Deep Learning Overview

Neural networks. Deep learning. This is the “how” behind what we see as AI (artificial intelligence) around us today, from Alexa’s voice recognition to Google’s image search to your smartphone’s ability to unlock based on your face. While these algorithms are very powerful indeed, they are also mysterious…

 

“Mysterious”? What does that even mean? Simply put, we don’t understand how they conclude what they conclude. It’s not as if someone wrote specific software instructions on how to recognize a dog. Rather, a huge set of data is provided as input with tags like “dog” and “not dog”. The system goes over the data and self-discovers which patterns correspond to a dog. Remember that old joke on computers as GIGO (Garbage In, Garbage Out)? That joke was based on instructions we keyed into a computer (type the wrong instruction, you get the wrong result). With AI, GIGO now means something else – feed it the wrong data and/or wrong tags as input, and the patterns the system learns will be wrong.

 

Like the time Google Photos started misidentifying many photos of black people as gorillas. How could that have happened? Since the system had identified patterns on its own, Google didn’t have a clue as to what it had “learnt”. How can we fix such problems? We can’t. So Google’s fix for the gorilla misidentification problem was to disallow any search for the word “gorilla”. An ugly and crude hack, no doubt, but it stopped the tide of criticism that Google was racist…

 

One of the first companies to recognize the potential of deep learning was, yes, Google. The possible applications were obvious for a search company – text searches would work even better if the system could “understand” phrases rather than just return results based on keywords. Image recognition would open the door for image searches. Translations might get better. Plus, Google was trying its hardest to get to driverless cars back then, with limited success. Deep learning, with its potential to “recognize” objects sounded like a possible solution for driverless cars. But all that was potential. Google could also see an immediate application – if the algorithms that decide which ads to show when you search for something got better, it would lead to more clicks on ads and thus more money.

 

But there was a major hurdle. The CPU’s of the time were not designed for crunching the quantity of data that deep learning takes as input. So Google decided to go with the fastest processors out there, GPU’s – Graphical Processing Unit – which were originally made for video games! GPU’s are very expensive, and the numbers needed for deep learning are huge. But money was never an issue at Google – they paid $130 million for the first batch. It would be the beginning of a new line of sales for the company they bought the GPU’s from, Nvidia, which soon reorganized itself around the deep learning market.

 

Thanks to its headstart, Google also started making custom chips for deep learning – it called them TPU’s (Tensor Processing Unit), the “tensor” becoming a reference to the kind of maths used extensively in deep learning. The funny thing? TPU’s calculate less precisely than CPU’s, not more precisely – they drop everything after the decimal! How was that better?
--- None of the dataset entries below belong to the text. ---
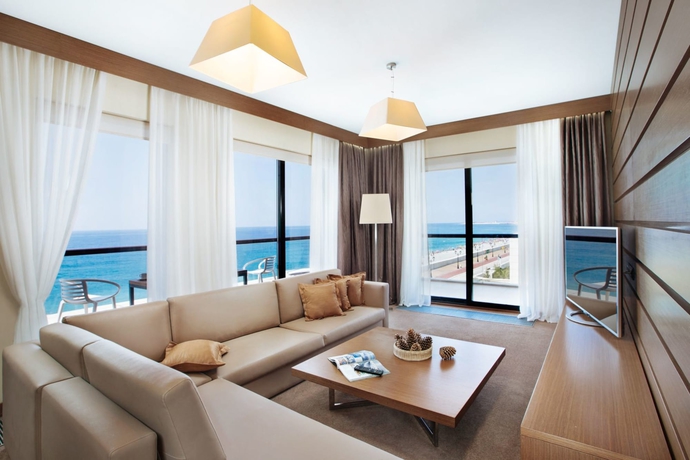 Imagen de los interiores del Hotel Arfa Park. Foto 14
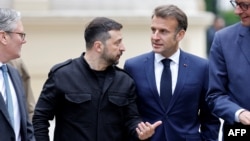 Ukrainian President Volodymyr Zelenskyy speaks with French President Emmanuel Macron (right), British Prime Minister Keir Starmer (left), and German Chancellor Friedrich Merz during a meeting in Kyiv on May 10.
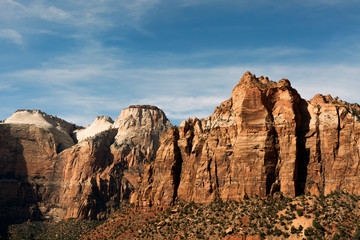 Fototapeta premium Towering Peaks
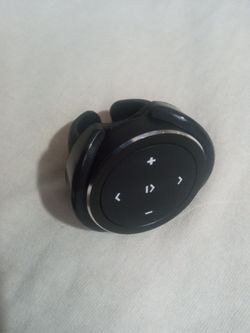 UNIVERSAL WIRELESS BLUETOOTH MEDIA CAR STEERING WHEEL BIKE MOUNT REMOTE CONTROL BUTTON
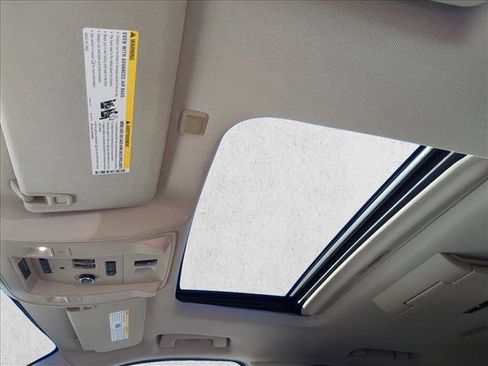 Used 2015 GMC Yukon Denali w/ Premium Package image 16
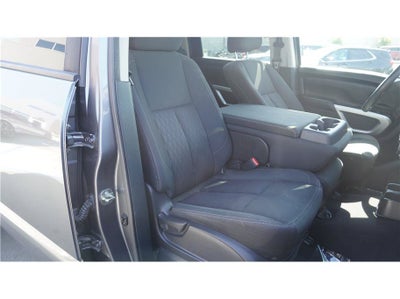 2017 Nissan Titan SV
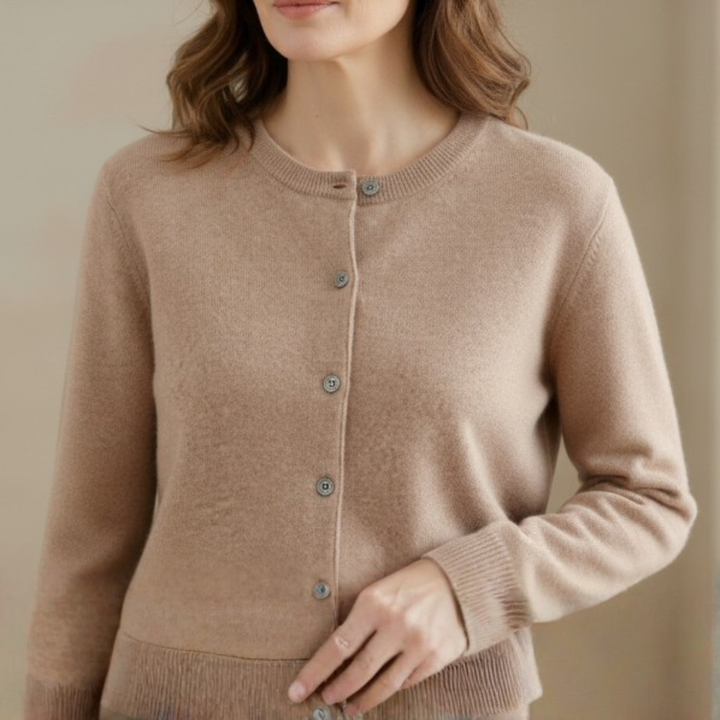 Sofia | Cardigan Morbido con Bottoni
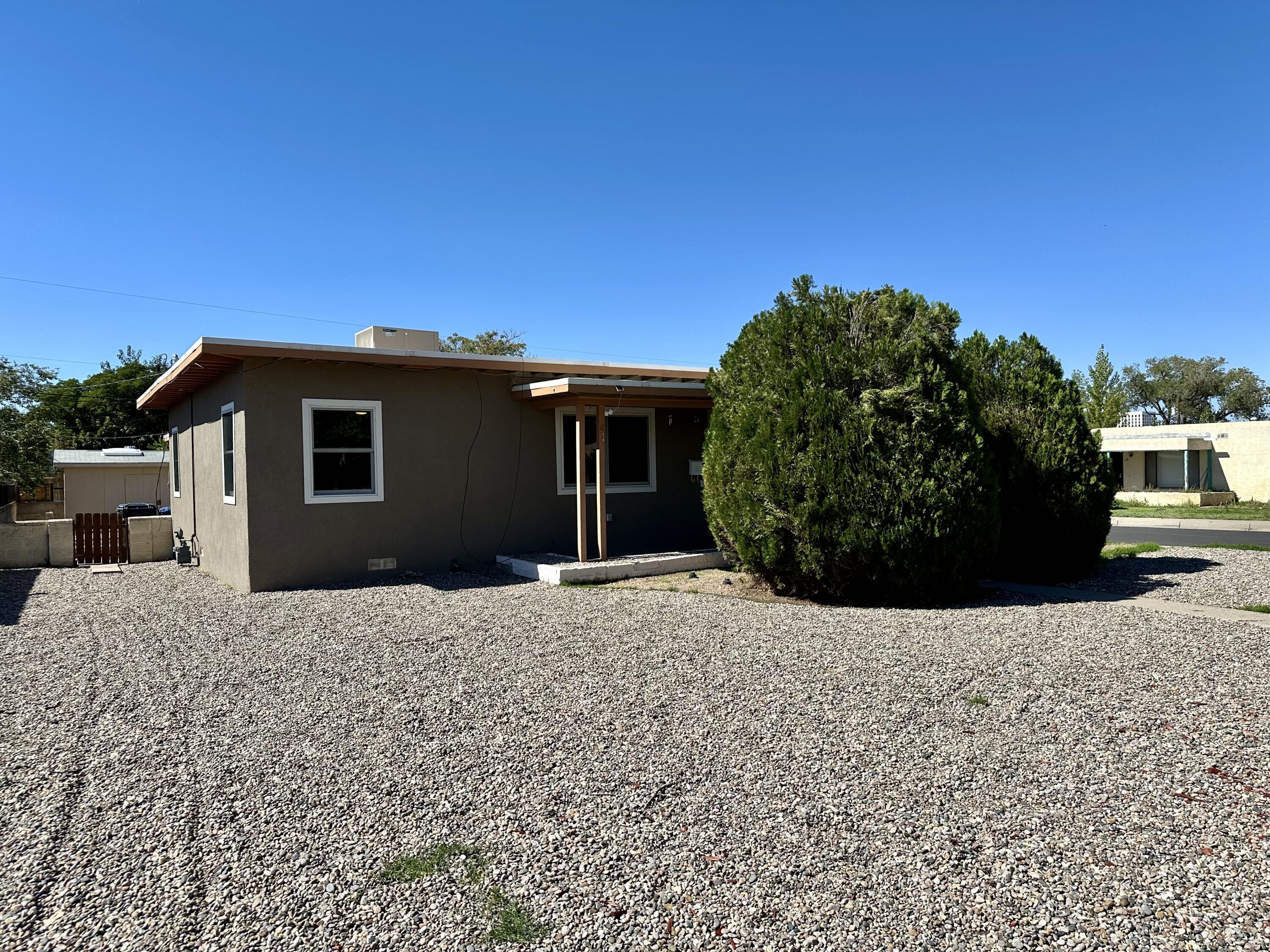 701 Cardenas Drive SE — photo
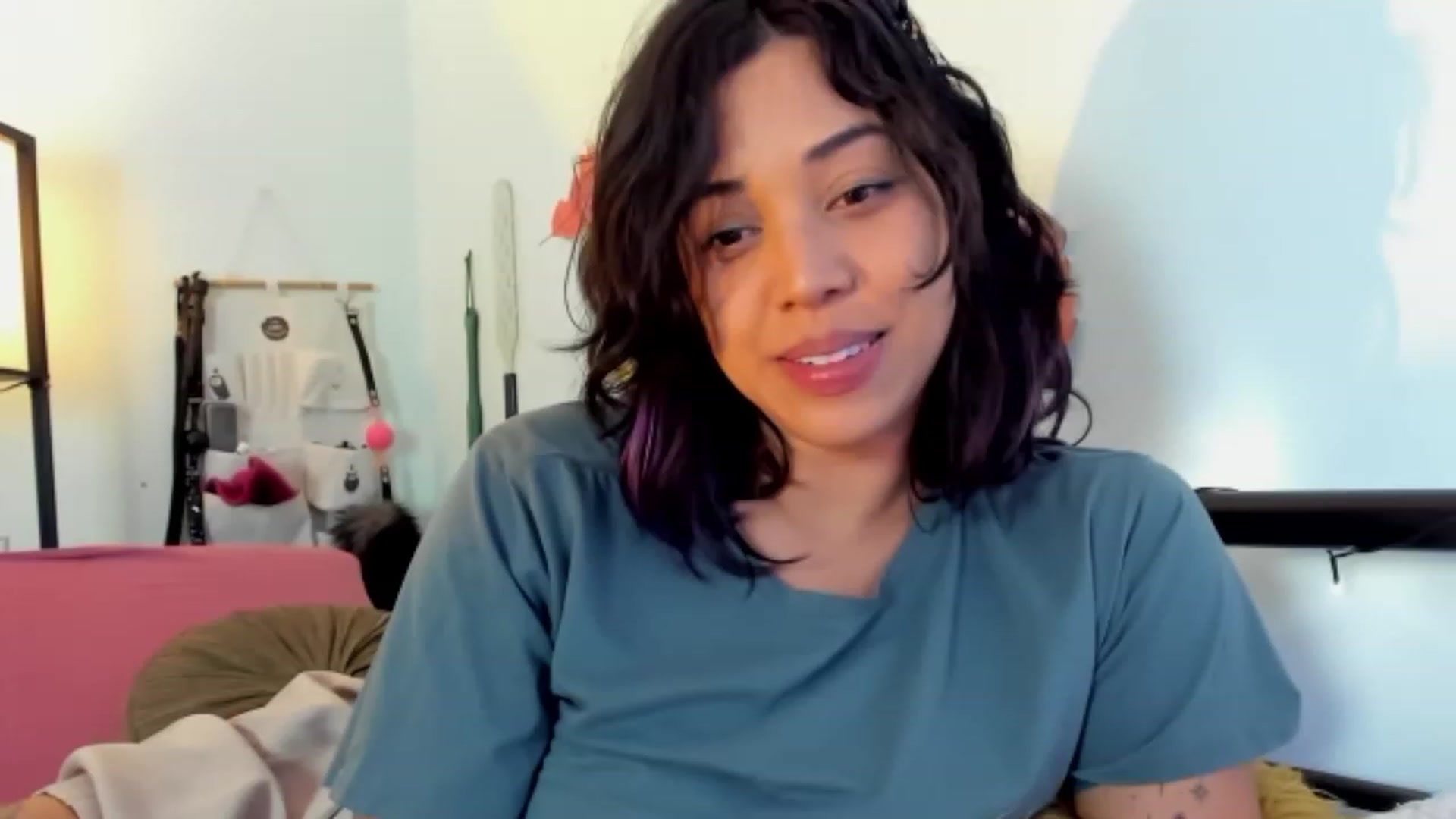 Gallery image thumbnail from KissingHigh's myfreecams stream on, 09/29/2023, 04:35 image 19 of 20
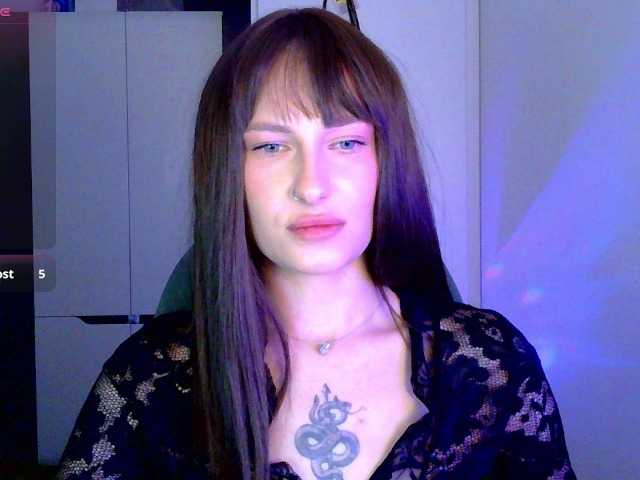 Lili-swet live cam on BongaCams
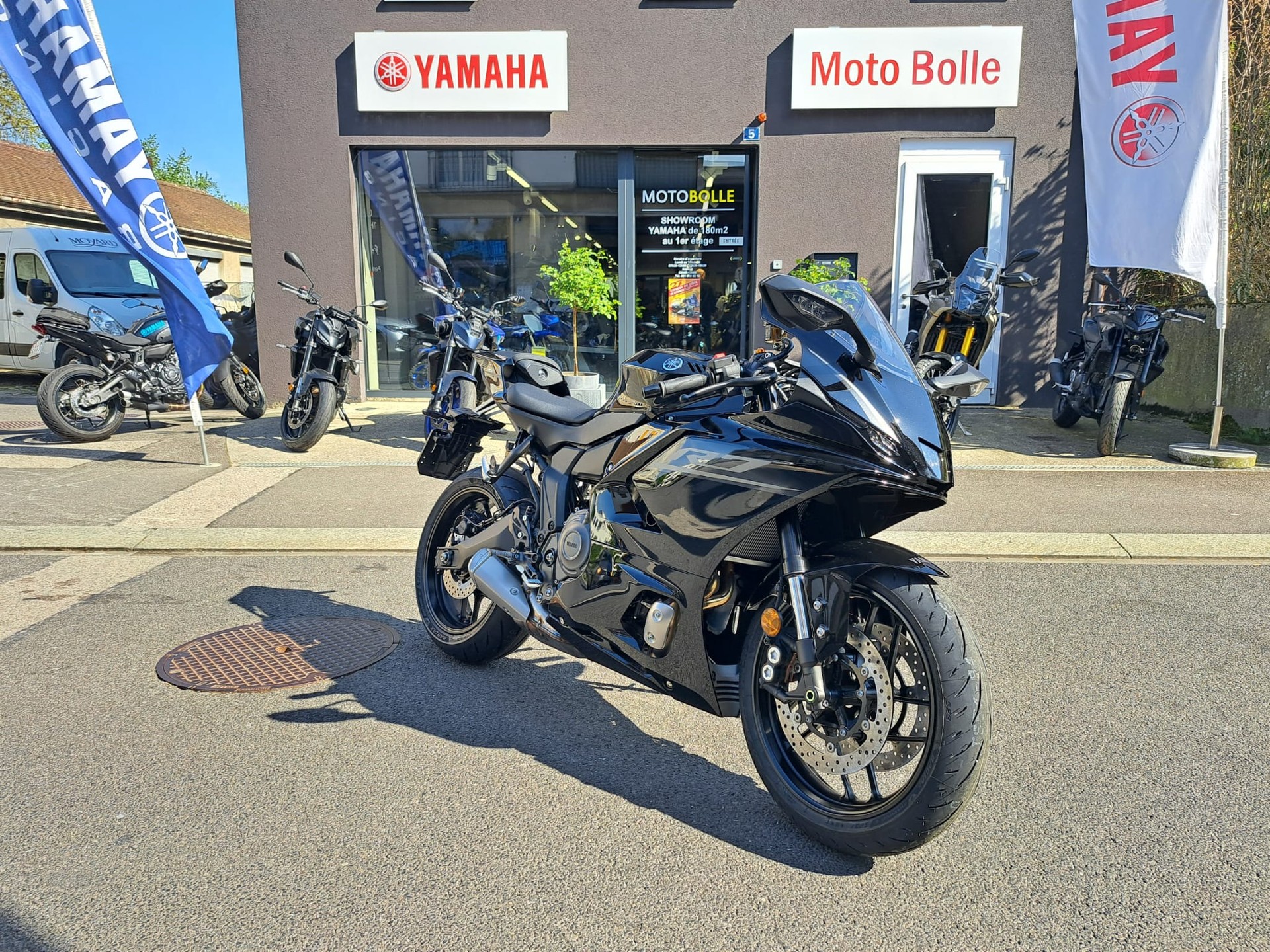 YAMAHA YZF-R7-showroom-element-1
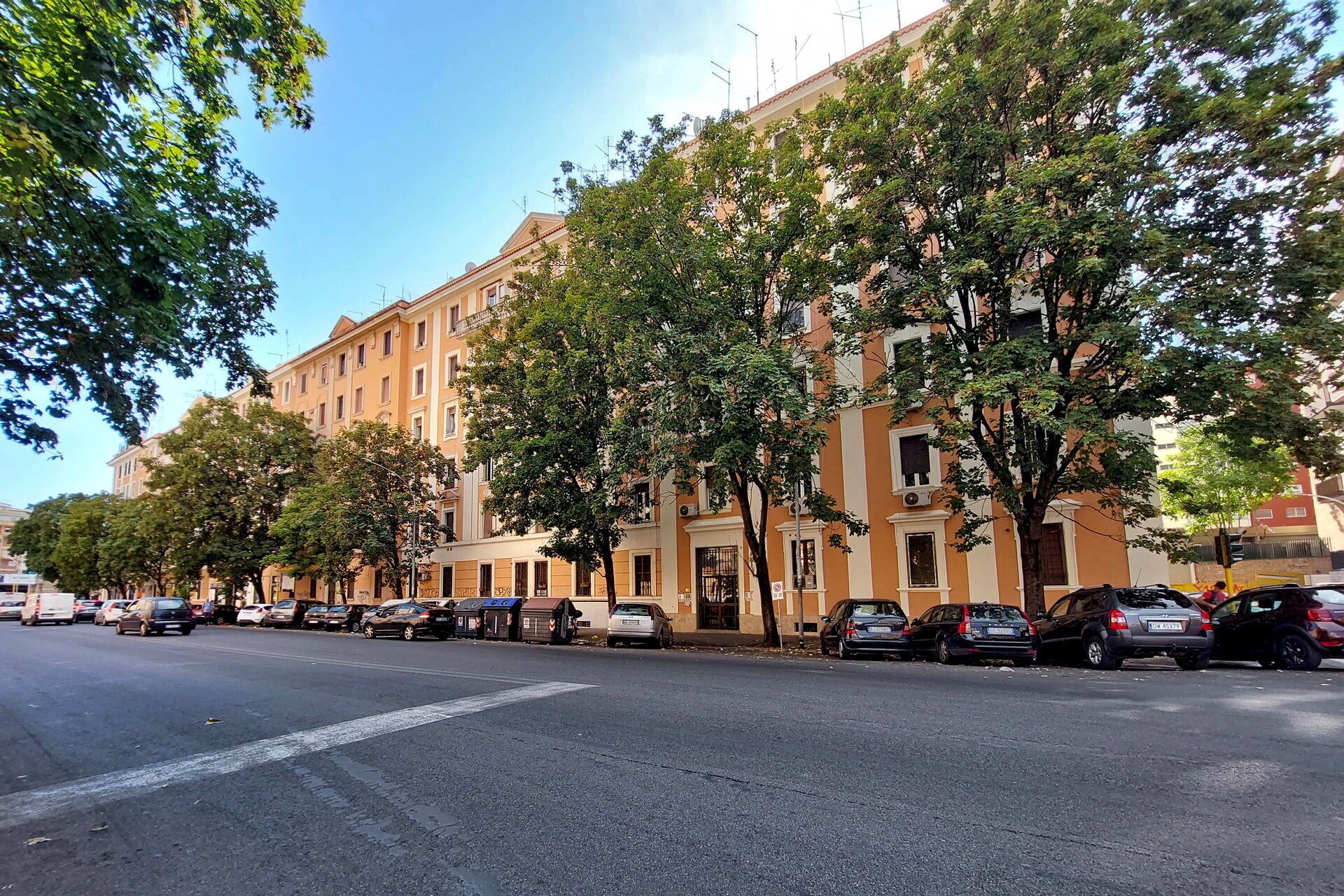 Apartment in Rome with 3 bedrooms sleeps 6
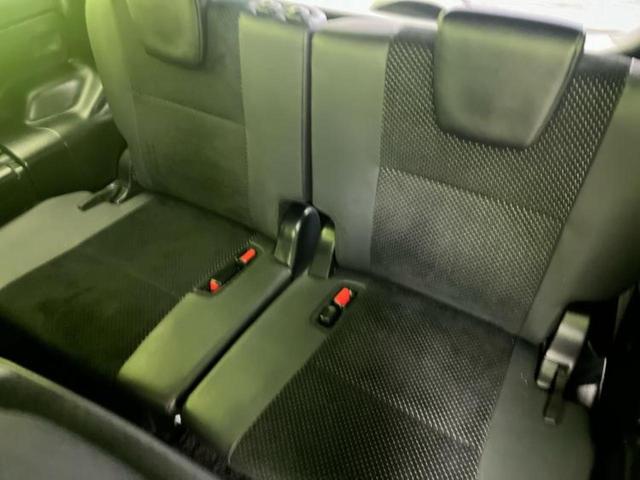 ヴォクシー ＺＳキラメキ３　新品タイヤ／純正エアロ／保証書／純正　１０インチ　ＳＤナビ／フリップダウンモニター　純正　１２．８インチ／衝突安全装置／両側電動スライドドア／車線逸脱防止支援システム／シート　ハーフレザー　フルエアロ（19枚目）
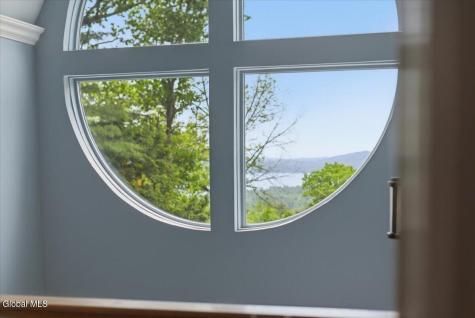 47 Olde Coach Road Diamond Point NY 12824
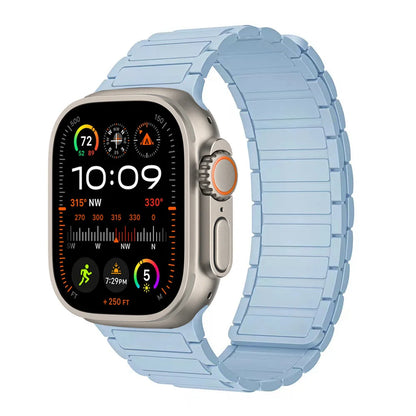 Sports Silicone Magnetic Band – Apple Watch Ultra 2 & Series 5-10 (38-49mm)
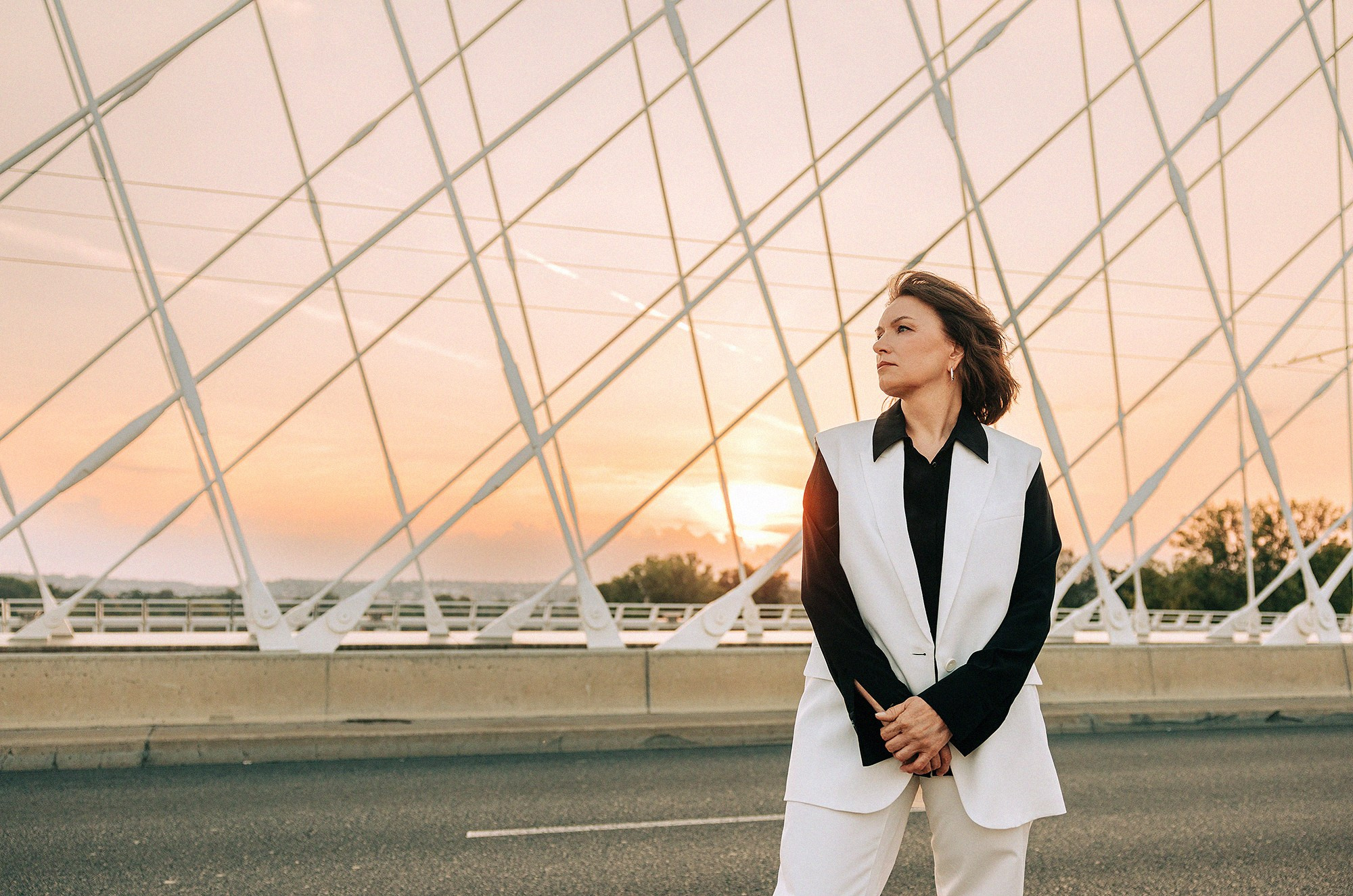 Elena in Troja bridge. Rodinný a svatební fotograf v Praze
By working only with integers, they operated faster and the huge number of calculations being done more than compensated for the slight inaccuracies in individual inaccuracies.

 

Impressive though deep learning is, it is nowhere near being a general purpose AI. So far, its accomplishments have been in very specific areas (speech, images, games etc). All controlled environments. A dynamic environment, where things change and actors adapt, were beyond its scope – that’s why fighting fake news algorithmically is not possible today. Plus, it requires humongous amounts of data to “learn”. Contrast that with even children – they learn based on far, far smaller data points. But who knows what the future might bring?